The title for this picture “dancing to wild open music” comes from a line on page 33 of the first edition of The Puzzle Box.

These dance to music that only fish can hear.

Puzzling over the Box and finding some enlightenment

Reading parts of The Puzzle Box again. Wish I could have read with this sort of understanding while Paul Squires, the poet of Gingatao, was still living.  Read just now the Tiger Meditation near the end.  I had felt something very similar only it was the spider in the web waiting in poised stillness that I felt, a spider that would always be waiting, alway just before the moment it seizes the bug, the moment just prior.   Strange too it was the spider because I’m afraid of them, yet that’s where I saw it most clearly — in the beautiful orb of the spider (and her descendants) that have built on the porch summer after summer. 

The Tiger Meditation

One night when I was becoming increasingly frustrated with a Scott Joplin waltz that just wouldn’t swing she appeared beside the piano having just despatched some troublemaker and told me this story.  I went in search of the earliest religious rite that is still actively practised and I came across this along the way.  Imagine you are the top predator in your area, in this case , a tiger.  But you are not a hungry, angry tiger.  You are a satisfied, content tiger asleep, yet tiger-like, still somehow alert.  Asleep in a tree on a branch which overlooks the only path to the only water for miles around and it is a hot, dry afternoon.  Asleep but aware, alert for the first trace of scent or snap of twig, the first vibration of the approaching, thirsty weary creature in need of a cool drink.  And in that moment just before the first trace, immediately prior to the first vibration and alive to its inevitability, in that moment remaining.  And looked back over her shoulder as she swung and waltzed away.

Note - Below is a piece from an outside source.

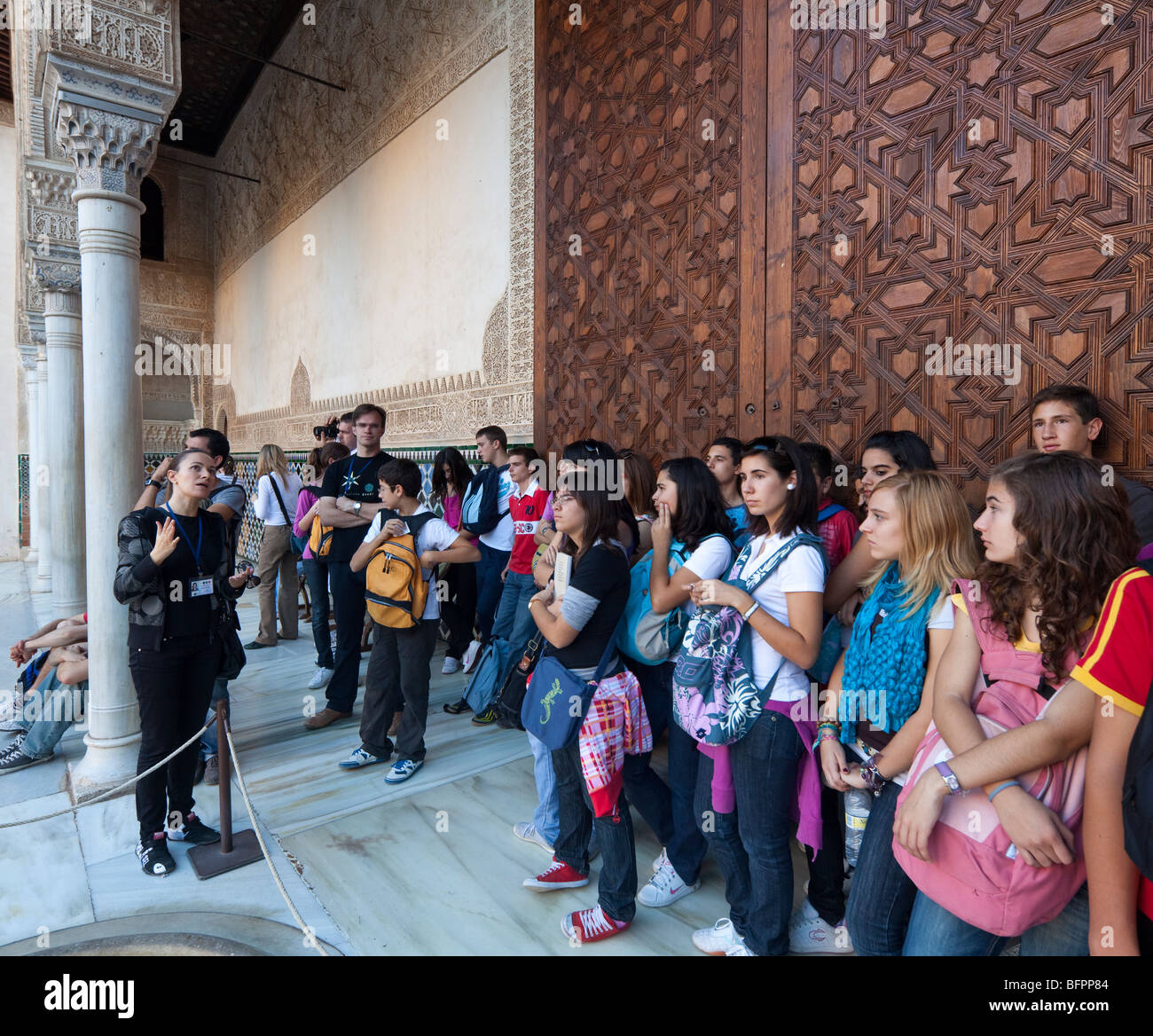 Insegnante di spagnolo e la scuola dei bambini touring la Corte dei Mirti (il Patio de Comares), Alhambra Palace, Granada, Spagna Foto Stock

— Paul Squires, The Puzzle Box

The spider’s web is the work of art or is the fabric of consciousness, is the sense of the self existing, having identity, knowing oneself as an “I” — or as Paul might say an i.

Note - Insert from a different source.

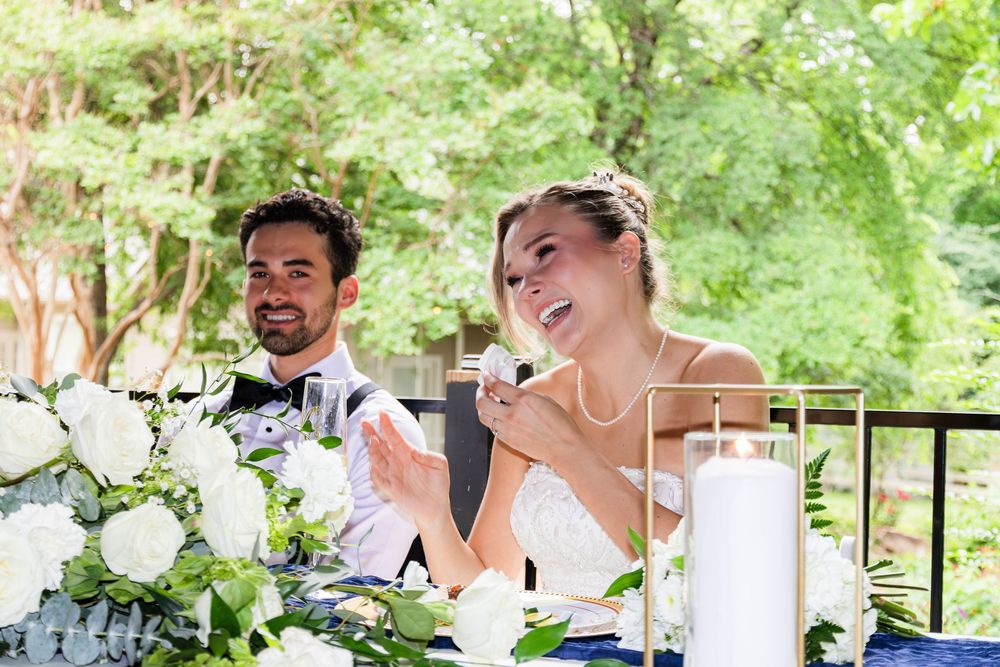 Bride and groom smiling and laughing at sweetheart table adorned with white floral arrangements at wedding reception.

I understood it prosaically, but got the message too — and from the source (was the spider taught me).  Just a different animal.

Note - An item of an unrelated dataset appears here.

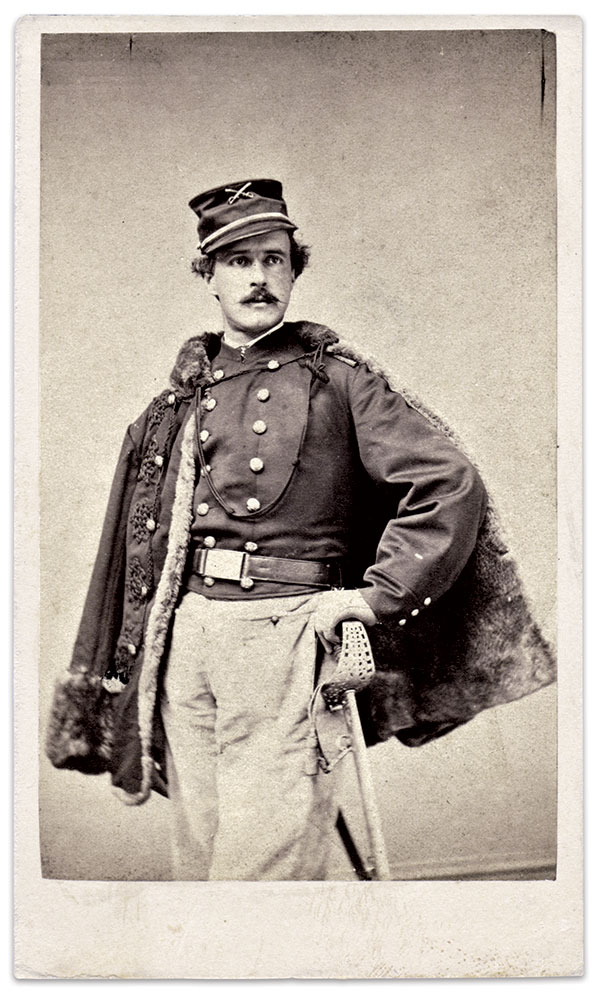 Col. George Waring, Jr., of the Frémont Hussars, a Missouri unit also known as the 1st Regiment Western Cavalry, wears a heavy fur-lined pelisse, with elaborate braid at button fastenings, over a double-breasted plain jacket. A small militia pattern 1851 dragoon/cavalry crossed saber insignia is attached to his 1858 Pattern cap. He holds a rare high-grade presentation sword retailed by Tiffany & Co. of New York City, and imported from England. Carte de visite by an unidentified photographer. Jérôme Lantz Collection.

When your eye focuses on the web, the world beyond and around it is blurry.  When your eyes are focused on the world, you miss seeing the web with the spider in it.

The tiger is a strong meditation, the spider a small one — abstract, theoretically, without emotion, more naturally machine-like, emptier, compact, quick, easy to disappear, ultimately spiders hide and are hidden, they are more anonymous, small black or bright ball with legs, with most spiders the venon is harmless.

Paul was more a tiger, whereas I have wanted to weave and hide unseen, in invisible orb web, but sticky and catches things, flying things, winged flying things.

First and Last Greetings

The last thing Paul Squires wrote at my blog post Swimming in the adjoining ponds of imagination (written on July 15, 2010) was this:  

More koi Jazz! A long and gorgeous trilling right hand cascade down the keyboard, Oscar Peterson style, all done in colour and movement! Life is a koi pond indeed!

The first thing he ever wrote at a post called Paint for Painting’s Sake (June 16, 2008) was this:

I don’t know nearly enough about the practice of painting, nothing actually, being a writer, but reading your posts back this far and looking at your work had really helped me understand what’s going in a painter’s mind. I don’t think it’s pretentious at all, revealing and fascinating in fact, especially the one about the abstract which really made it clearer in my mind what that was all about and related in a way to my writing. So thanks.

He wrote stuff like this — all over the internet — encouraging others to excel at art (in the broadest sense of the word).  His role as lifter of spirits is one that all those of us who knew him should remember always — and practice in his absence, this lovely humane kindness.